Task goal => Give back exactly the lines from the "Recap 2020 (Explicit)" line to the final line of the records, and only those, minus any pictures.
#### Source records
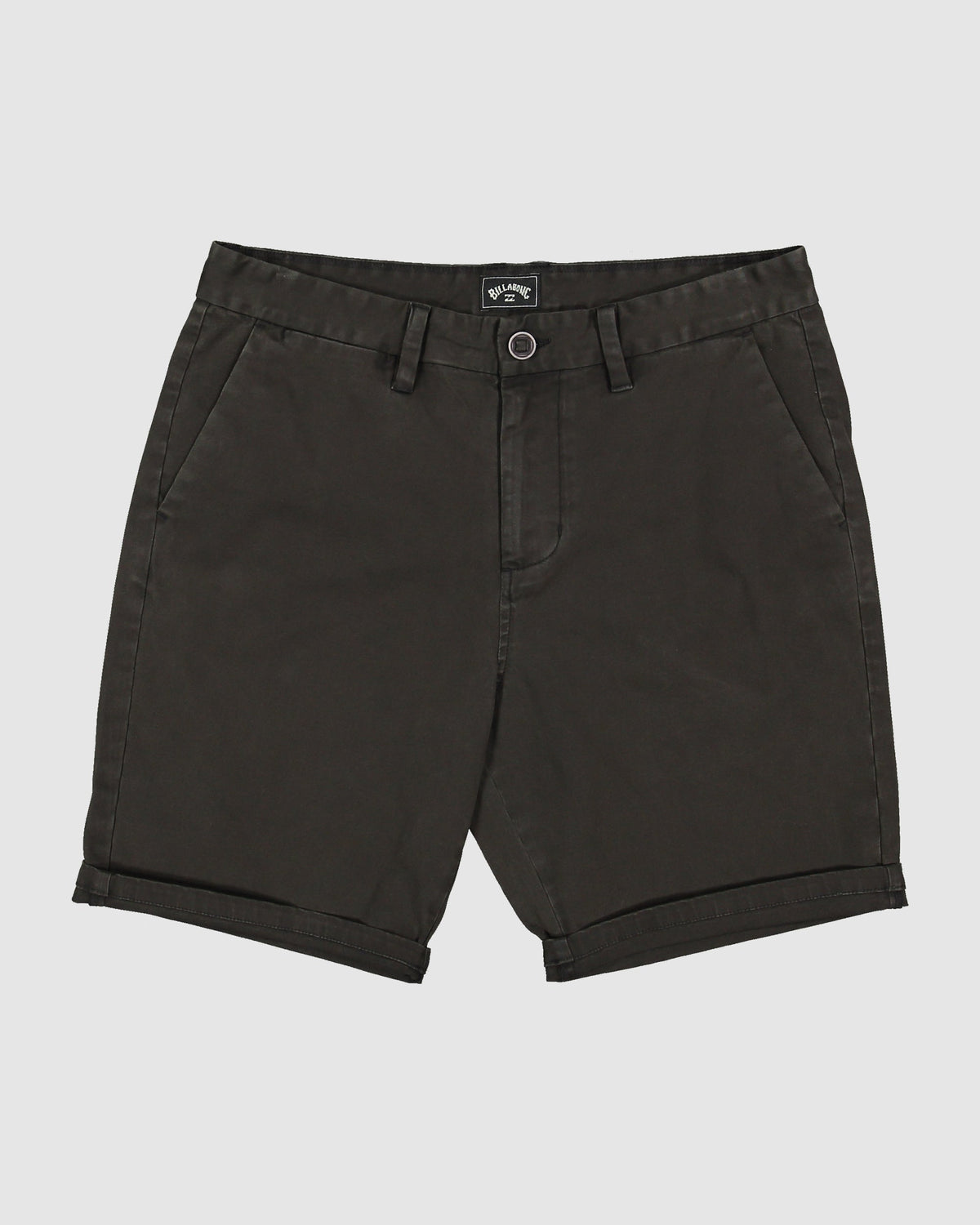 ubyws00105_billabong_blk_frt1 (kept)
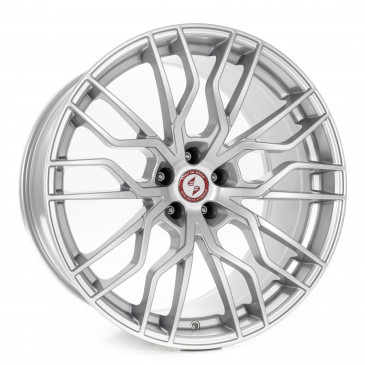 etabeta MEDUSA Silver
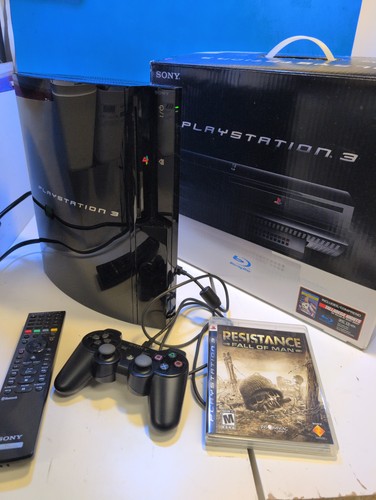 Sony - a),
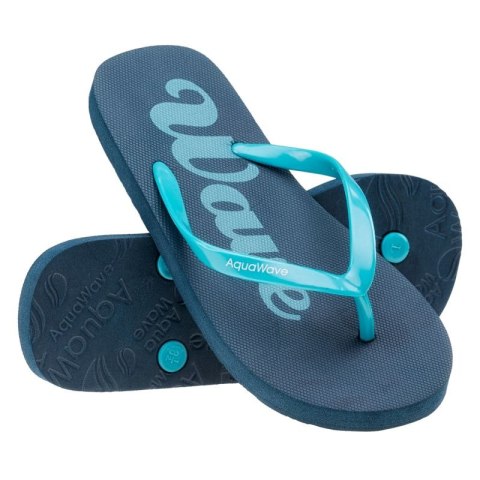 Japonki Aquawave Ailen Jr 92800487051 AquaWave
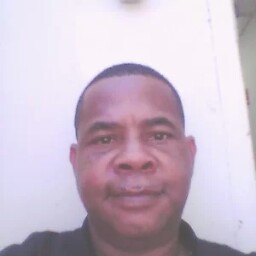 Carl Magee Photo 21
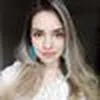 Avatar leticianogueira7683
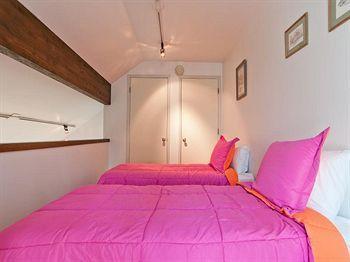 Racquet Club Hotel Park City Bagian luar foto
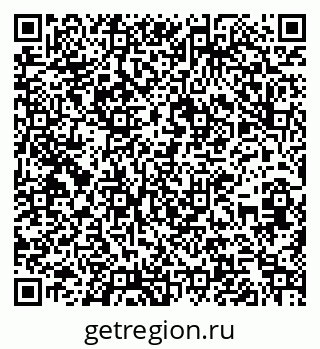 79266210443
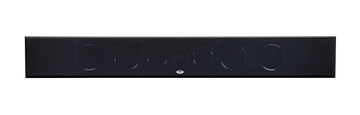 PSB PWM3 On-Wall Speaker- Black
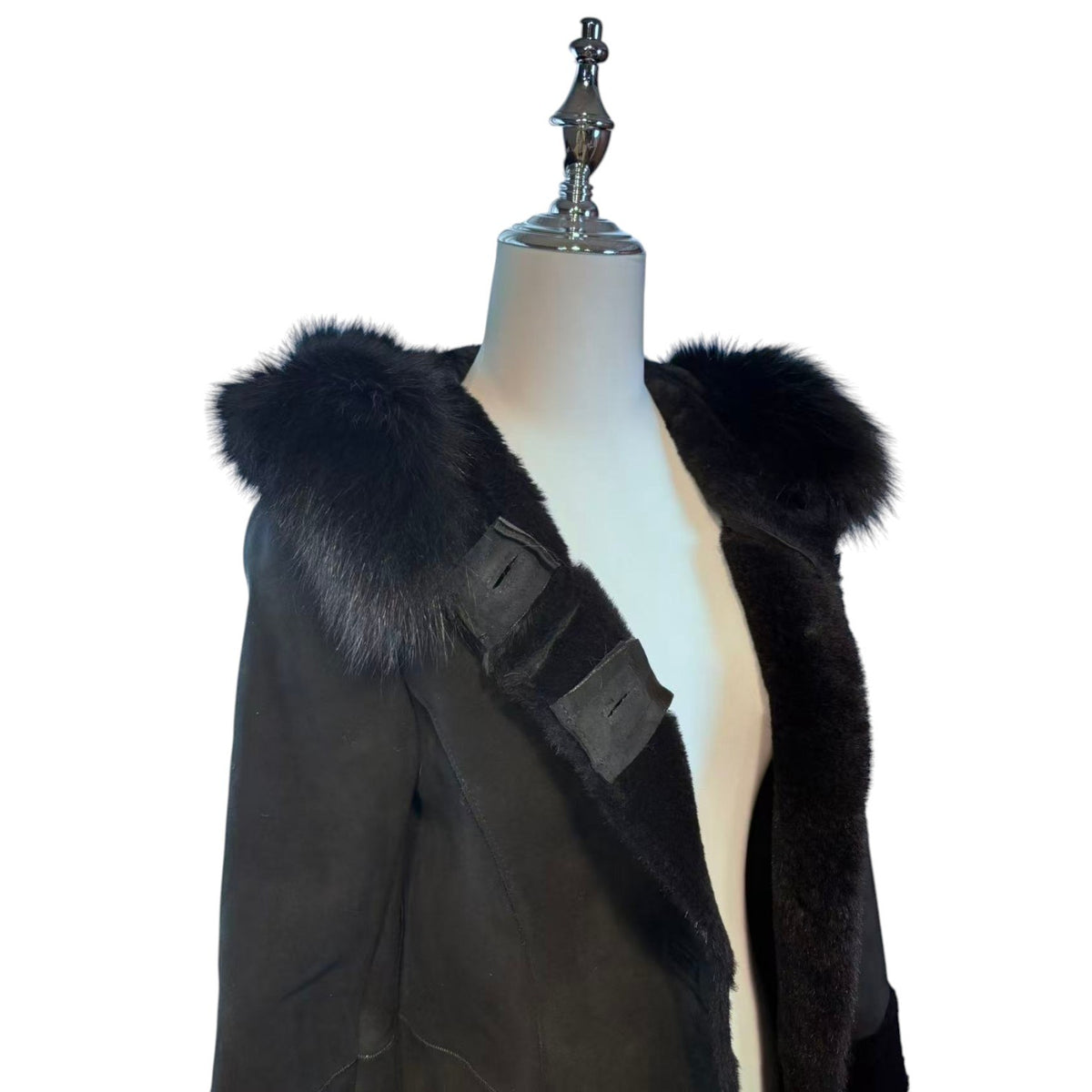 26-090 product image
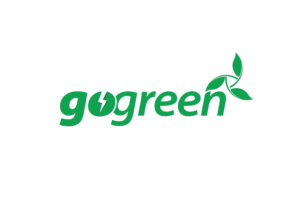 Logo Design by Velu Ra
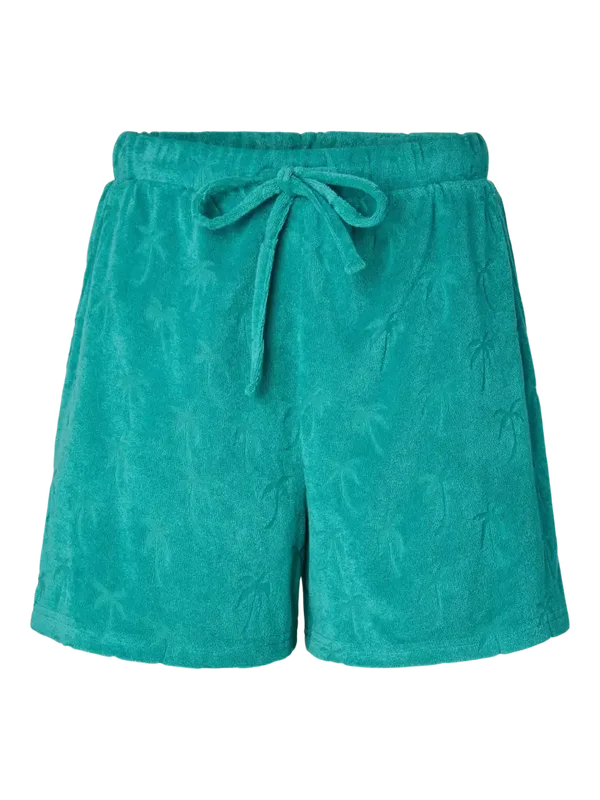 SHORTS sabbi
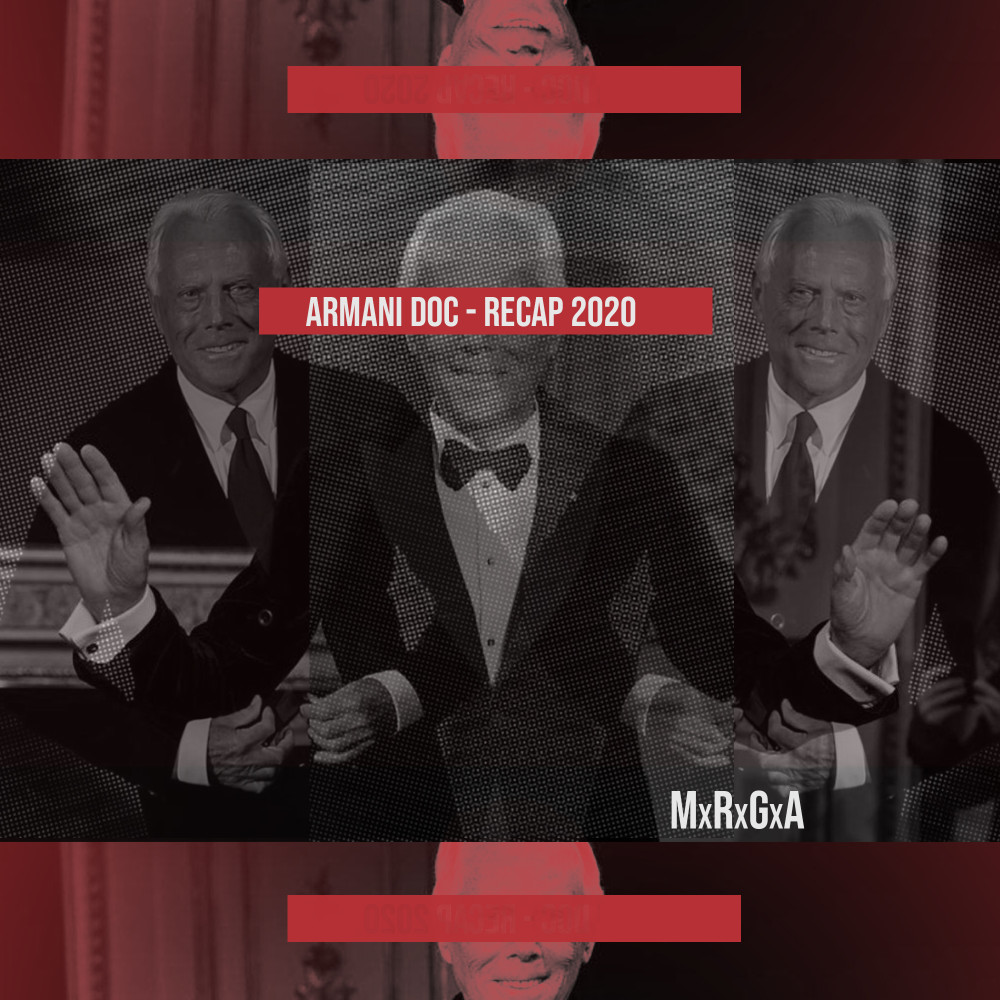 Recap 2020 (Explicit)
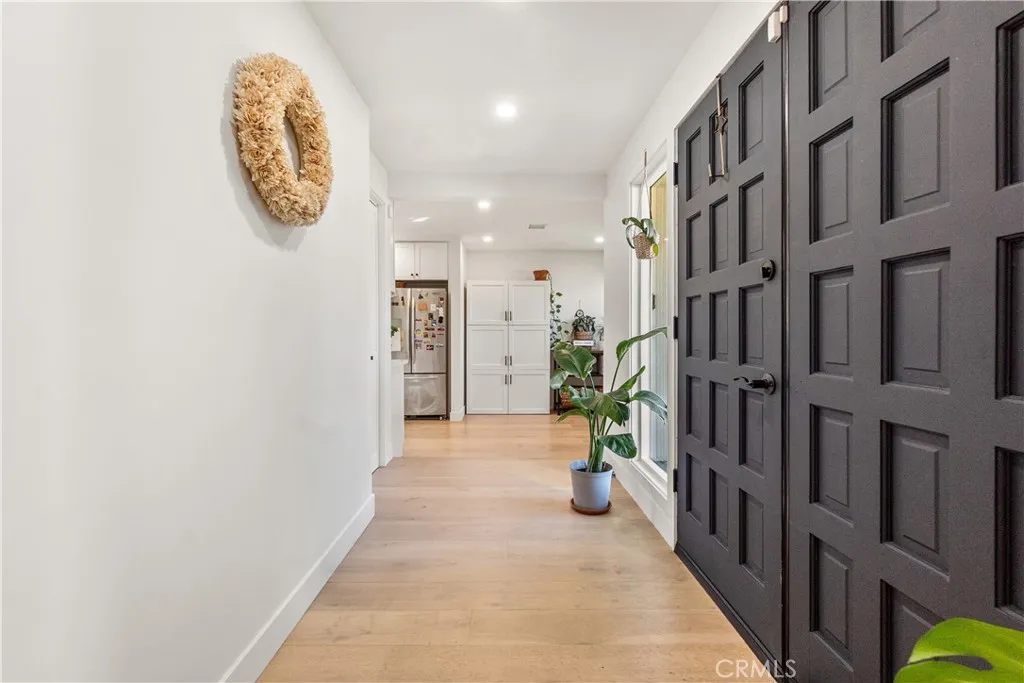 23318 Ocean Ave., Torrance, California 90505 home-pic-7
########
Task answer =>
 Recap 2020 (Explicit)
 23318 Ocean Ave., Torrance, California 90505 home-pic-7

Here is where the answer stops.